Monday, October 25, 2021

Psychos, True Crime, and "You."



I was recently quoted in this article about the Netflix show "You," revolving around a serial killer. The show is currently enjoying smash-hit success on the streaming service and has become the latest buzzy pop culture phenomenon. 

As the article explains, while there are many people who are big fans of the show, there are just as many who are worried about the possible dangerous societal impact of serial killer films, TV shows, and true-crime entertainment. As it also discusses with my quotes, true-crime entertainment and the obsession with the macabre is certainly nothing new. In the 1800s, after all, we already had the forerunner of true-crime entertainment in the form of the National Police Gazette magazine and people would turned out with their entire families to watch the public hangings of wild west desperadoes ranging from murderers to cattle rustlers and horse thieves.

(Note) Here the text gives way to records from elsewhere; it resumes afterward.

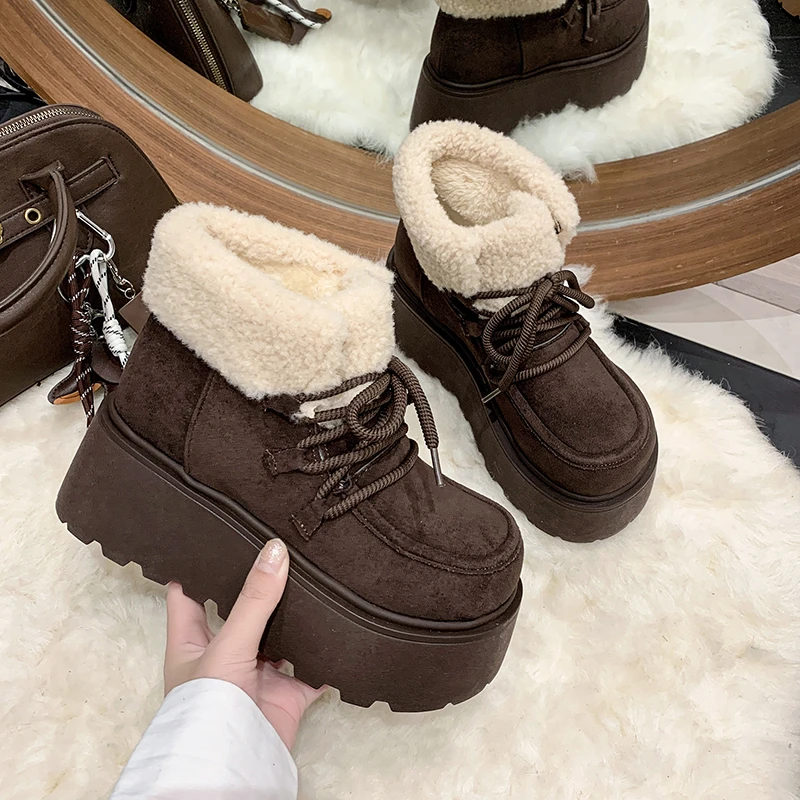 Winter Chunky Platform Women Fur Snow Boots Keep Warm Thick Sole Warm Cotton Short Booties Shoes Zapatos Mujer
Winter Chunky Platform Women Fur Snow Boots Keep Warm Thick Sole Warm Cotton Short Booties Shoes Zapatos Mujer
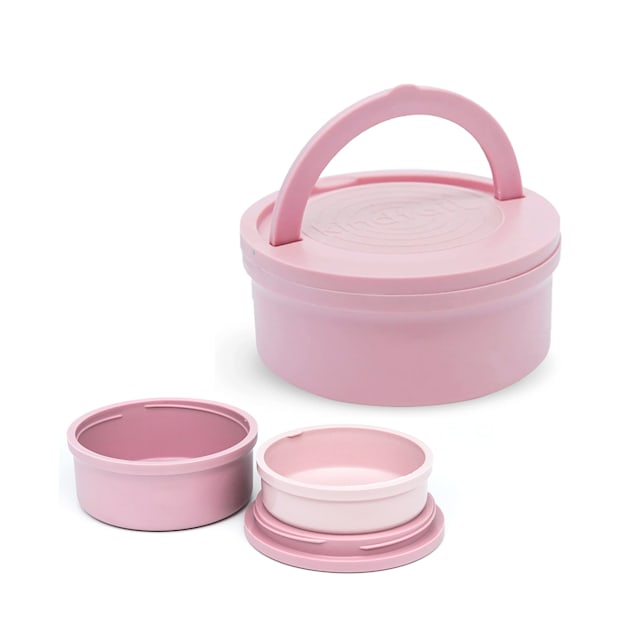 KindTail Pink Portable Food Storage Dog Bowl 3.75 Cups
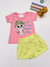 Conjunto Infantil Feminino Kiko e Kika | Camiseta Rosa com Estampa Oncinha + Short Verde Lima com Drapeado e Cintura Elá - comprar online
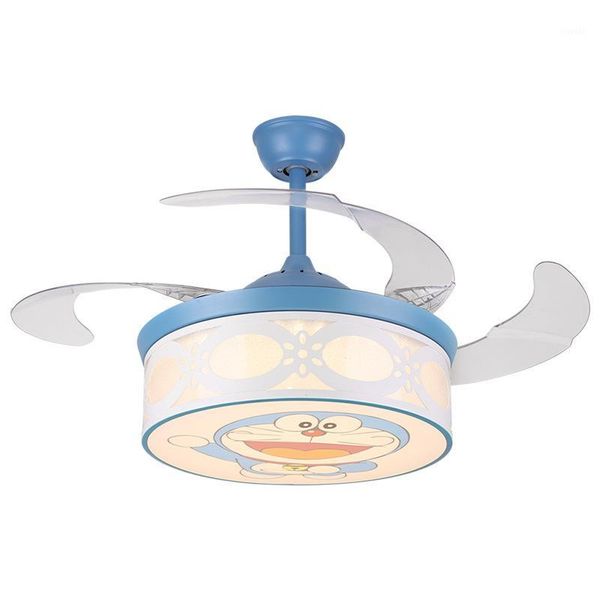 

electric fans children's room doraemon invisible fan lamp family bedroom living dining simple boy ceiling lamp1
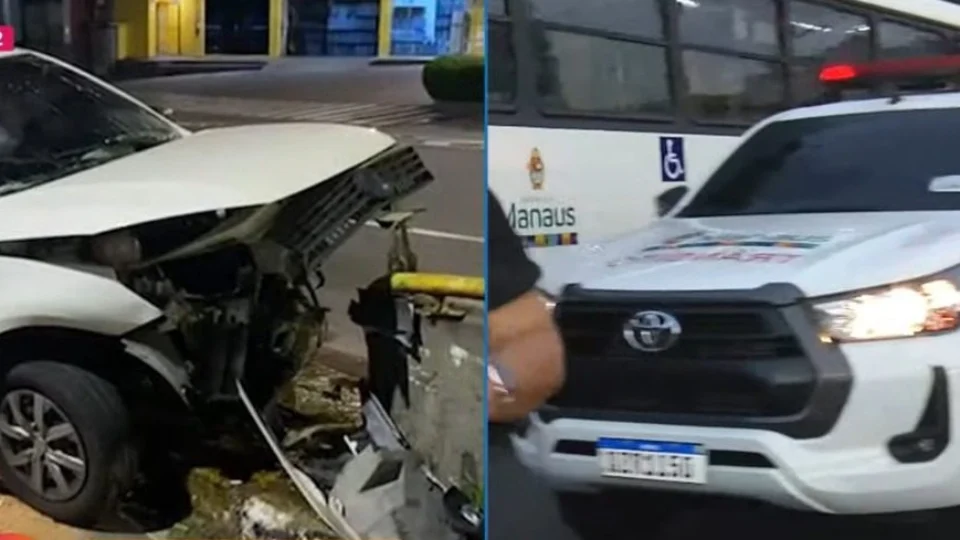 Motorista fica ferido ao colidir contra mureta em avenida de Manaus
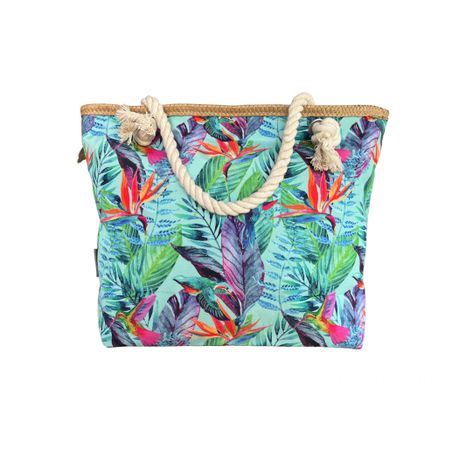 Printed Cotton Road Beach Bag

Then, in the twentieth century, the news media would once again satiate a public appetite for knowledge about real criminals like Bonnie and Clyde, John Dillinger, Pretty Boy Floy, Machine Gun Kelly, and underworld kingpins like Al Capone. Among the most popular films at the time were the gangster films that made superstars out of actors like Humphrey Bogart, James Cagney, and Edward G. Robinson playing underworld thugs and tough guys.  But even before frontier justice or stories of organized crime in the United States were turned into public entertainment, we had millennia of people all over the world turning out to see the brutal public flogging, skinning, burning, disembowelment, decapitation, and dismemberment of people who had defied the law. It is remarkable to behold the incredible level of mathematical and architectural accomplishment of the ancient Romans thousands of years ago, and then to consider the fact that they applied such advanced knowledge to the construction of the Colosseum, an immense amphitheater dedicated to displays of violence and brutality. For the ancient Romans, watching marathon sessions of gladiatorial combat where people from criminals to slaves, prisoners of war in the empire’s foreign campaigns, and all sorts of imprisoned undesirables being forced to fight each other to the death was as entertaining as watching football or baseball is to us. 

 

So, taking in such a history of violence, we have to recognize that the twenty first century’s violent entertainment, like movies or documentaries discussing true crimes, pales in comparison to the blood lust of our ancestors. We merely hear about serial killings or see actors recreating crimes in TV shows or movies. We no longer watch people torn limb from limb in front of us or watch see them get crucified, scourged, or burned at the stake.  

 

The point is that we need to realize that a fascination for all manner of information about or depictions of violence is a part of human nature. There are areas of science that have long sought to understand this. Perhaps there was an evolutionary advantage to constantly thinking about possible threats, possible sources of violence. An imagination of threats kept our ancestors on the lookout for dangerous predators. This fixation on the violent and morbid, in turn, kept them alive long enough to reproduce and pass those traits on to descendants who merely enjoy a TV show like "You" about a murderous stalker. Today’s threats we need to be on the lookout for, the new unseen danger that haunts the imaginations of modern humans, is not a wild animal hiding in the bushes but the serial killer who might be living among us. It is the friendly person who lives down the street or a boyish coworker we talk to every day who might be a twisted, blood-thirsty psychopath. Our fascination with true crime then is merely our evolutionary programming at work. Films, TV shows, and documentaries dramatize this programming. 

 

But, ultimately, is a violent show like “You,” or any number of serial killer films, slasher horror films, or true-crime podcasts dangerous to society? No, it is not. Research has long sought to find a causal connection between watching violence and violent behavior and could not. What we have instead are correlations between the enjoyment of violent entertainment by some people who also happen to have committed crimes. But a correlation is not a causality. Perhaps people with a propensity for violence mere just enjoy watching violence as well. True crime shows or serial killer movies do not make real life killers and criminals.  

Thursday, June 13, 2019

Where I talk about true crime and serial killers.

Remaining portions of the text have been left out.